The city is considering trading professionals for volunteers if a contract agreement can't be reached.
But what he sees as an economic emergency, firefighters consider a matter of public safety.
The mayor says when he took office he inherited a $1.5 million deficit. He's asking all departments, operating engineers, police and fire, to do more with less. There have been layoffs in all but the fire department.
"This is just about economics. We have to cut costs. We have to. We have no money," said Mayor Tom Ashby.
But the fire department, which has been in contract talks with the city since November, has big concerns. Centralia wants to freeze firefighter salaries and reduce insurance costs among other things.
The town of 13,000 people spent $3 million dollars on the fire department last year, according to officials.
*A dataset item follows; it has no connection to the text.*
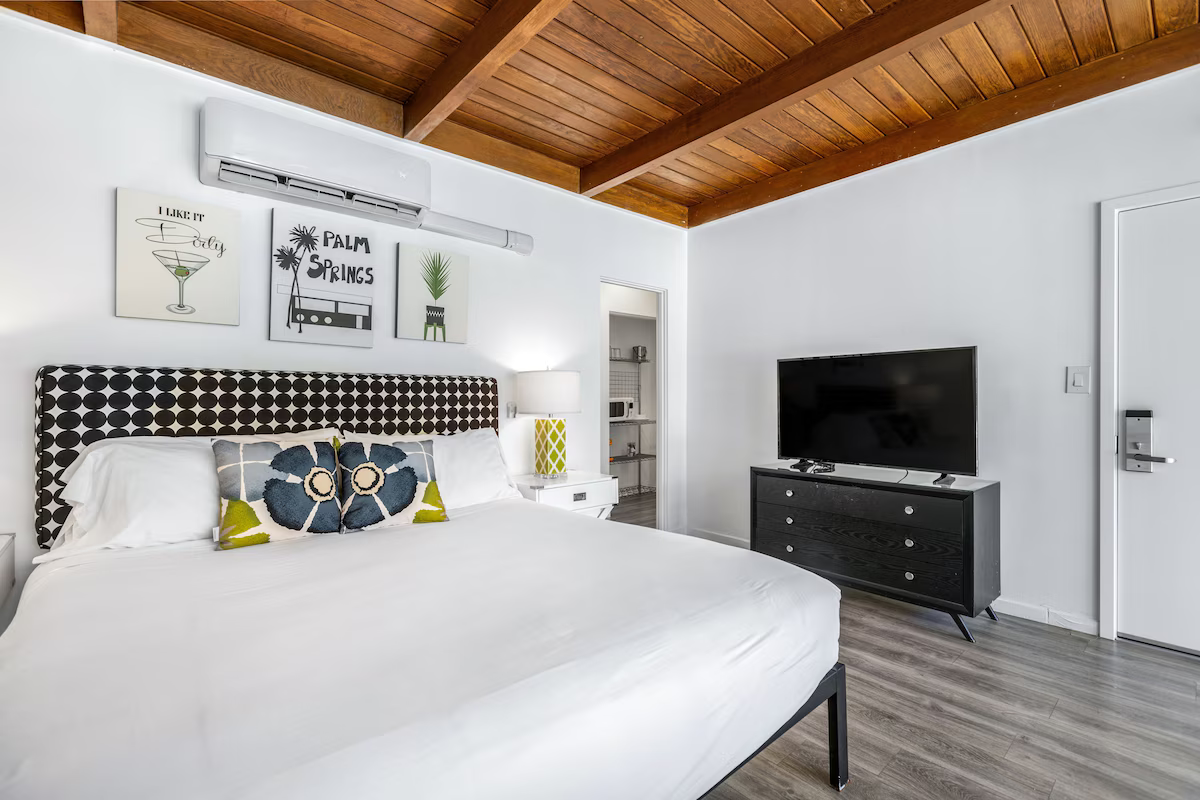 Bright bedroom with a white bed, wood ceiling, wall art, and TV on a black dresser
They say that needs to change. If not, they might consider moving to a privately contracted fire department, or even go with volunteers.
"We don't feel that there's any headway with the fire department. That's why we have to, as a responsibility to the citizens of Centralia that we have to make sure we explore our options," said Ashby.
The firefighters hope it doesn't come to that. They think contract talks can still be salvaged.
In the meantime, their union is asking for arbitration.
"We feel that we are making progress. We are open to any and all ideas," said Adam Ruderman, District 3 Vice President of the Associated Firefighters of Illinois.
Residents hope compromise is in the cards. They say in this economy, Centralia is suffering enough.
"If they have volunteers, I'm sure they would do a good job trying to get there too. It's just loss of jobs for a lot of people, which is what all of Centralia is kind of suffering right now anyway," said Beth Kleiboeker.
There are potentially 22 firefighter jobs on the line. And, in a town where the unemployment rate is 12.3 percent, both sides say they're hopeful an agreement can ultimately be reached.